» EXERCISE: Starting at the line that contains "Dames Faux Leren", reproduce only the lines through the end of the data, exactly, including both the first and the last; skip the pictures.

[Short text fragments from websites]
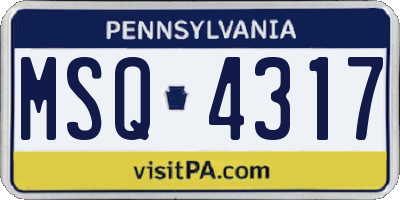 PA license plate MSQ4317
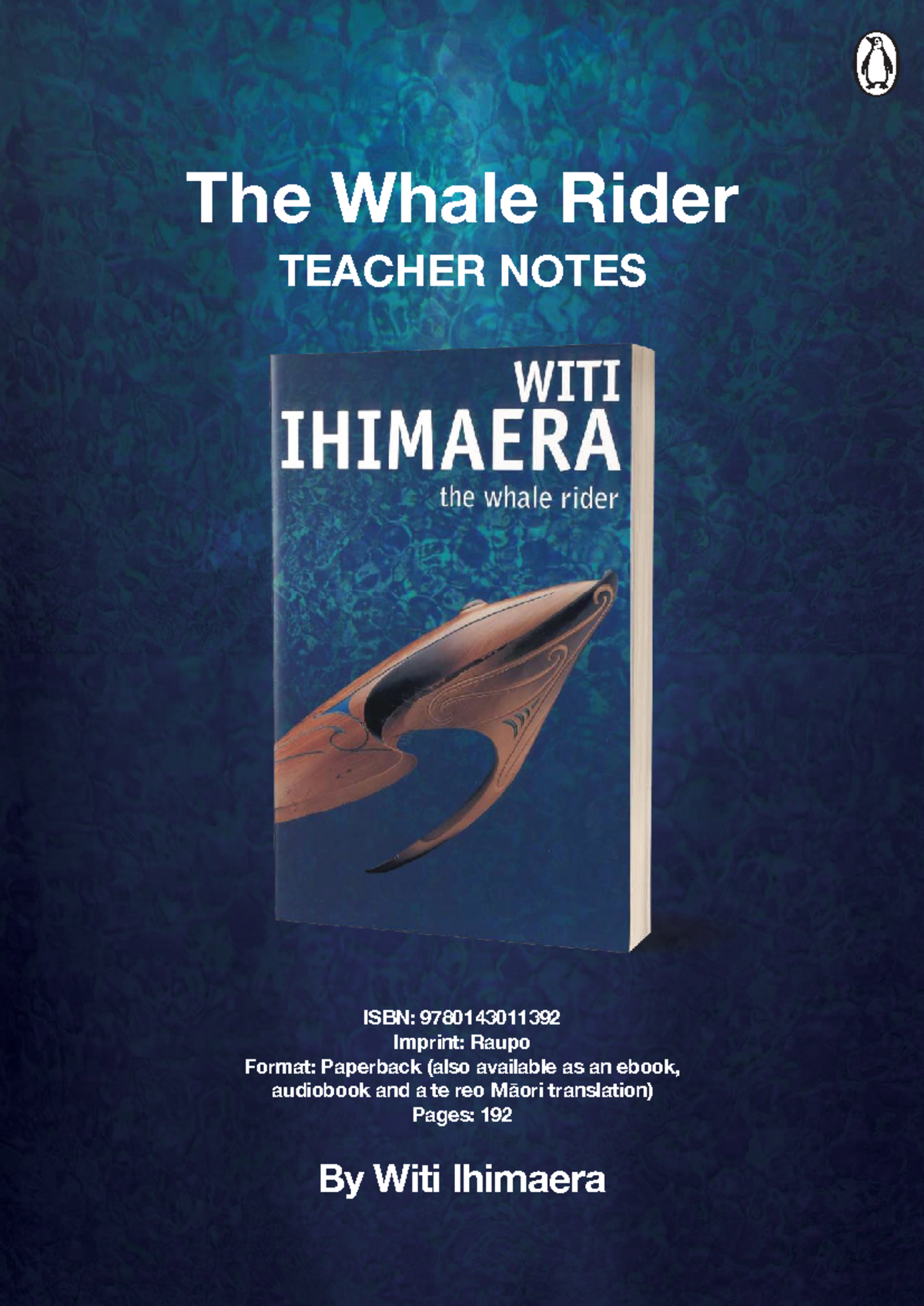 The Whale Rider (ENG101) Teacher Notes and Discussion Prompts - Studocu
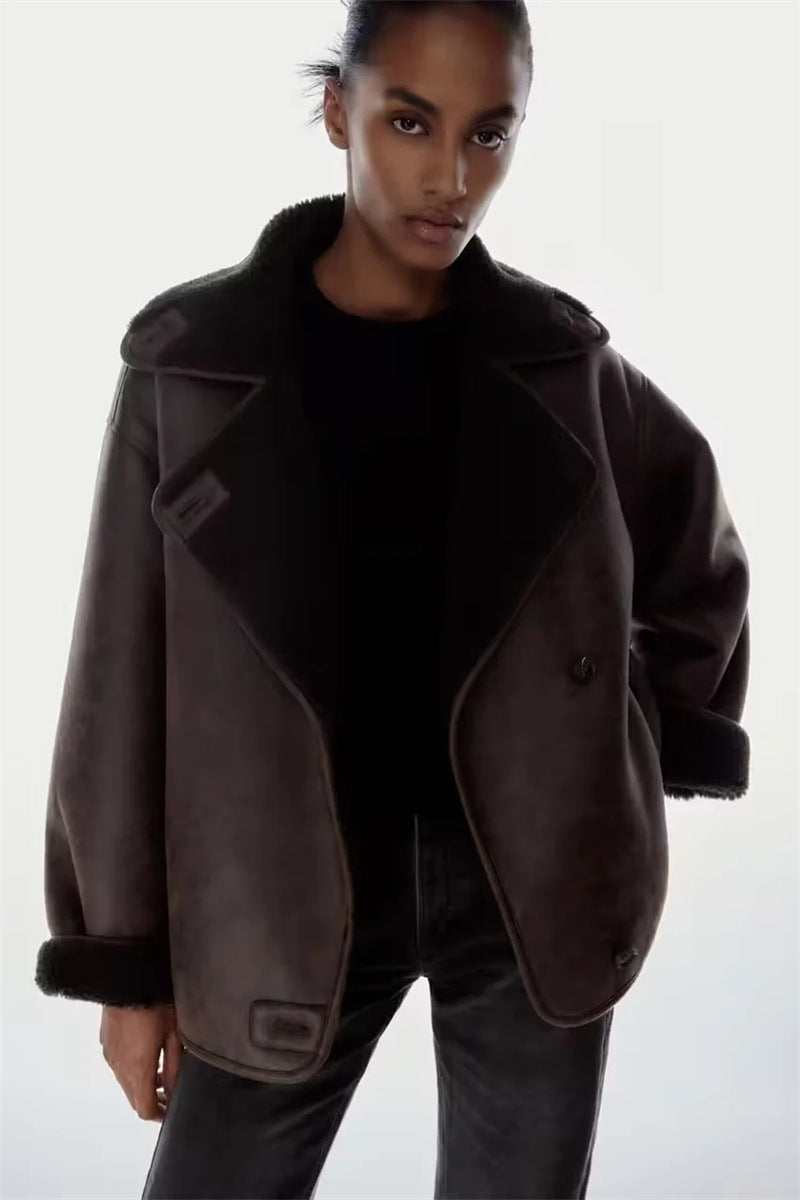 Dames Faux Leren Pilotenjas Oversized met Teddy Voering en Zakken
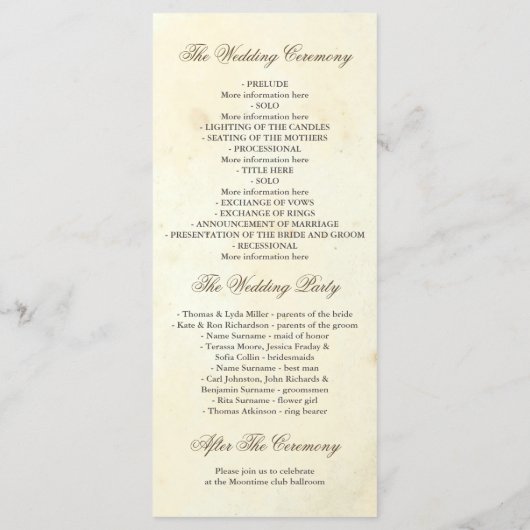 programmes de mariage vintage (Dos)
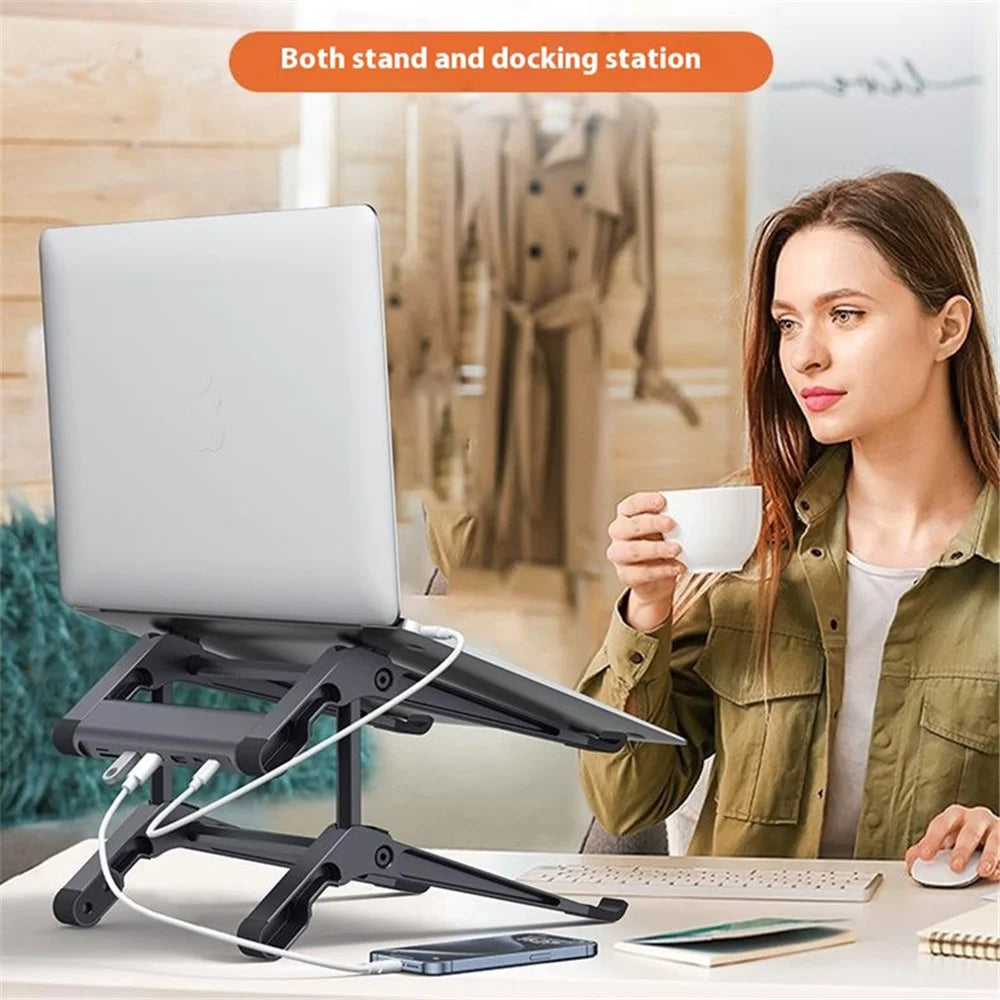 C19U Dual Layer Laptop Stand Tablet Notebook Riser Storage Rack with HD USB3.0 TF / SD Hub - 2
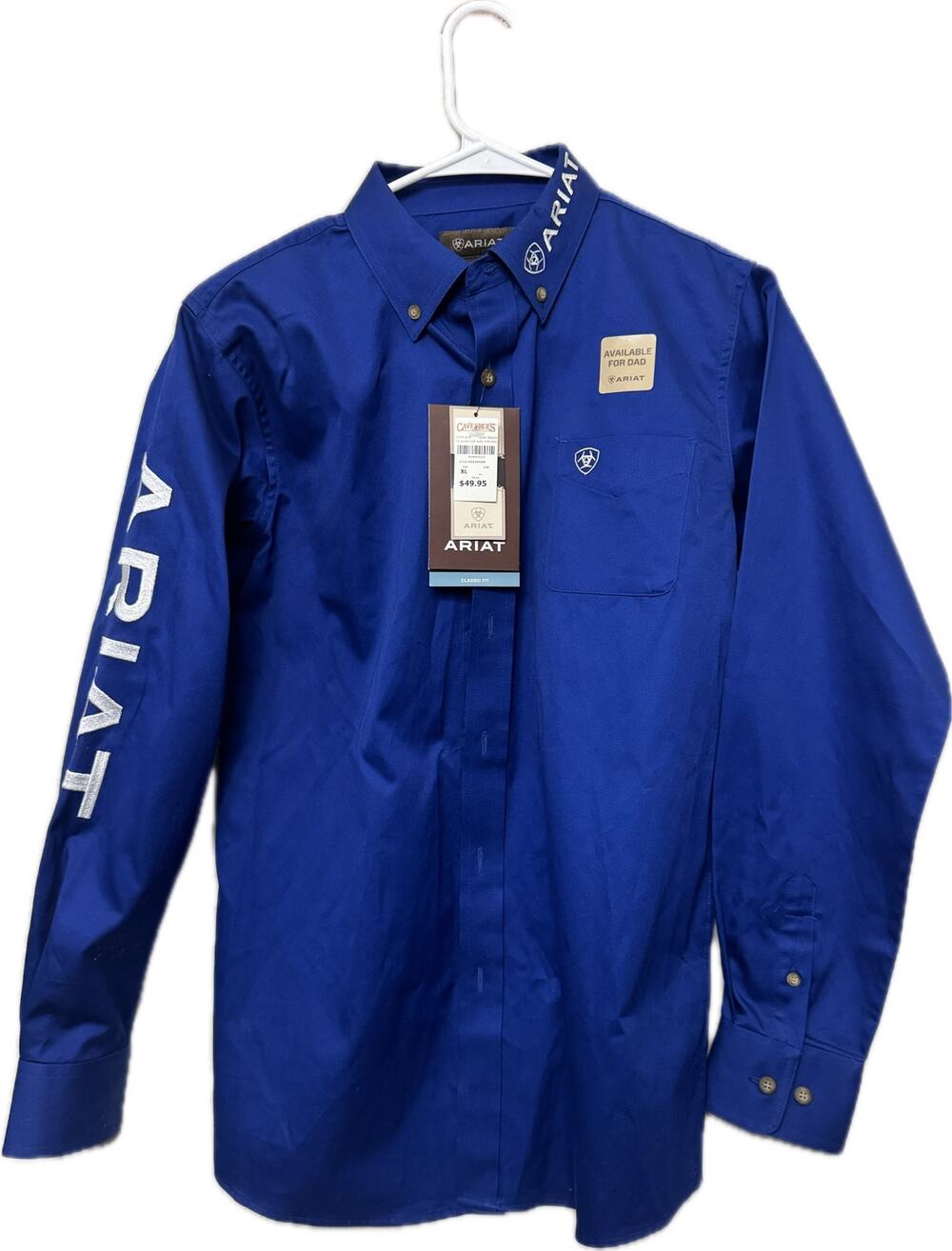 NWT Ariat boys button down shirt - size XL Royal Blue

» SOLUTION TO THIS TASK:
 Dames Faux Leren Pilotenjas Oversized met Teddy Voering en Zakken
 programmes de mariage vintage (Dos)
 C19U Dual Layer Laptop Stand Tablet Notebook Riser Storage Rack with HD USB3.0 TF / SD Hub - 2
 NWT Ariat boys button down shirt - size XL Royal Blue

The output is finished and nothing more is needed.